On long slow rides, especially on flat ground the muscles concerned are working Aerobically that is with the continuous supply of oxygen to create the energy source, Adenosine Tri Phosphate or ATP which fires the muscles. As the workload increases and one rides uphill, the muscles begin to demand more oxygen than the lungs can supply and therefore create an Anaerobic environment (where the muscles function without oxygen by tapping into the glycogen stores instead to supply energy for the working muscles). The problem with Anaerobic activity however is the by-product of the anaerobic cycle which is lactic acid, accumulates in the working muscles. This accumulation of Lactic acid is what causes that intense burning sensation in the muscles which makes you want to jump right off the saddle and lie down on the road.

A combination of lower intensity riding on flat ground and some sprints or incline riding works best to improve ones stamina and muscle endurance.

In a place like Ooty one is blessed with the natural inclines. A good gear bike is essential. Gears on a bike help ride the inclines easier. I said easier not easily! You still have to work those muscles, but it is easier that when trying to ride a hill without gears.

Accessories on the bike like a good quality helmet, a water bottle holder, a mileage tracker, headlights are essential. You also get great seat covers to increase saddle comfort, riding gloves to protect the hands and elbow and kneepads to protect you in the event of a fall.

You get some great clothes for cycling too. The fitted tights, tracks, t-shirts and jackets are better suited to ride. Synthetic material, like Dri-fit from Nike is great for all-weather and to keep friction to the minimum for a smoother ride.

Obviously, your sun glasses and a good sunscreen should be on your list of necessities depending on the weather and the time of day one is riding.

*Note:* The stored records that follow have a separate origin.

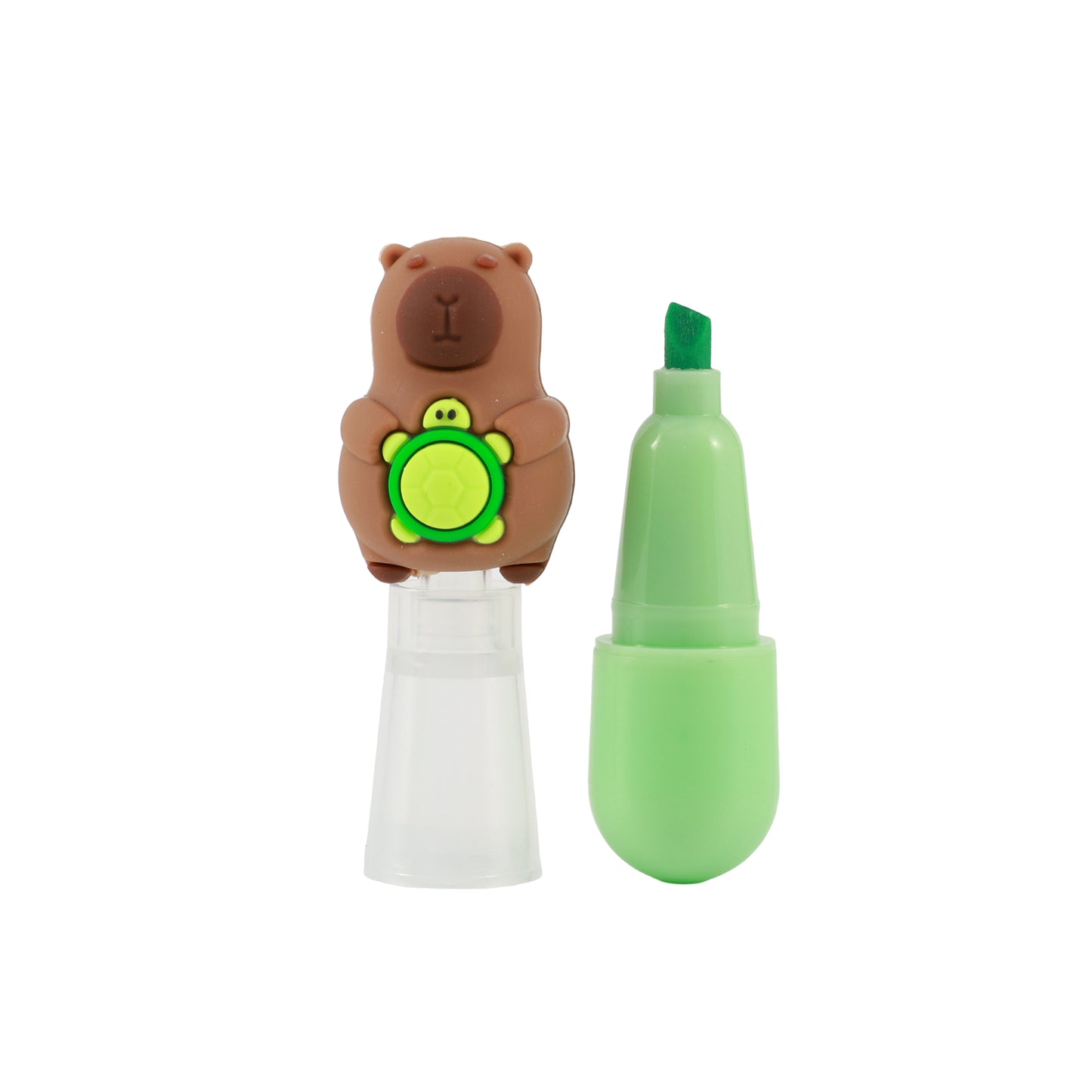 Surligneurs Capybara 6 pièces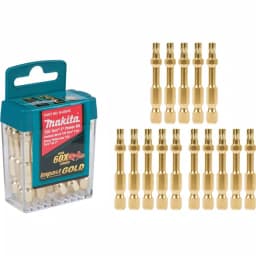 Makita Impact GOLD T25 2 in. Power Bit Set, 15-Piece Tic Tac Case thumbnail 1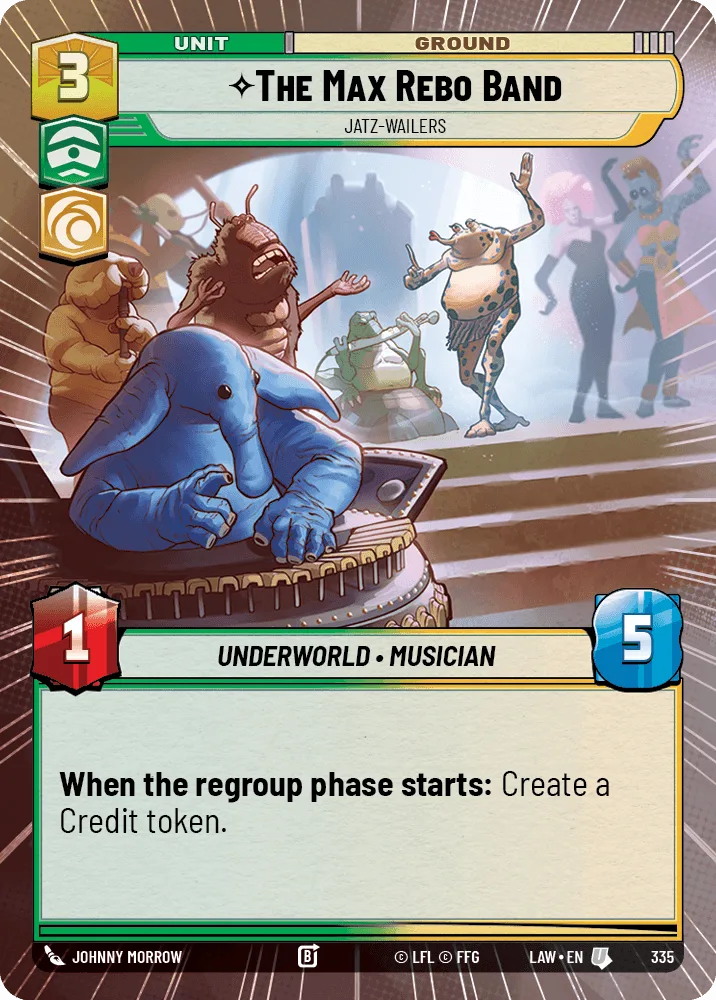 The Max Rebo Band - Jatz-Wailers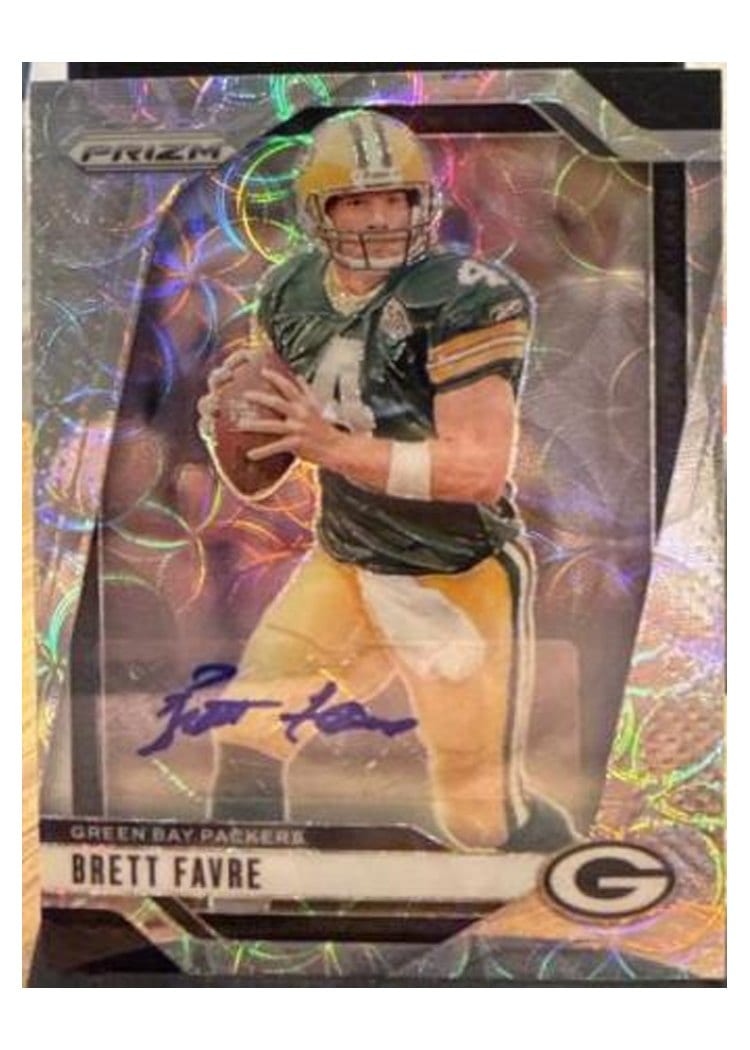 2024 Panini Prizm Base Set Brett Favre #110 card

Much as I love biking however, that cannot remain the only form of exercise. Weight training to strengthen the leg muscles improves your ride. Biking does not involve the upper body, which is essentially stationary and sometimes hunched over the handlebars to reduce drag. All this necessitates training the upper body with weights to bring balance to the body’s musculature. One will otherwise end up with great toned legs and a flabby upper. Strengthening the core and low back are also important to avoid strain in these areas. The position on the bike sometimes compromises the back and can cause muscle imbalance and pain if the muscles are not strengthened appropriately. A good stretch after every ride is essential if you want to keep riding! Tight muscles that remain that way after a long ride will tighten further. The next day will find yourself barely walking, leave alone riding if this is not addressed.

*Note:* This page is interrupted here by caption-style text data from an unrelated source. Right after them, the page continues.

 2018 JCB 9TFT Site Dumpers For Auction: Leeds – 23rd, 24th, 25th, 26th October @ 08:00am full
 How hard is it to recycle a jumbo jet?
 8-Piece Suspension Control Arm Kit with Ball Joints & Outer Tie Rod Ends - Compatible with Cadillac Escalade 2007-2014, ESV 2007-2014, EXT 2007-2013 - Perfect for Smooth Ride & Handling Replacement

Staying safe is priority in any sport. There is no point courting danger by riding in high traffic or dangerous terrain and ending up injured. I for one cannot afford to be laid up and am certainly not a competitive cyclist to take risks that the professionals do. So for me, a clean ride, with some hills thrown in are sufficient to keep me happy.

I wish we could all ride more often. It is certainly an eco-friendly way to get about especially with the cost of gasoline the way it is not to mention the shortage. Every place should have cycling tracks are separate from the heavy traffic areas. It’s fantastic that school children in Tamil Nadu have been given bicycles by the chief minister. This may be one good truly thing she has done to improve health of children.

Cycling is a great way to stay fit. I have ridden through some beautiful countryside in the Nilgiris. Another memorable ride was in the gardens of Versailles in France where a friend and I hired bikes and rode through the dazzling backdrop of the palace gardens for hours.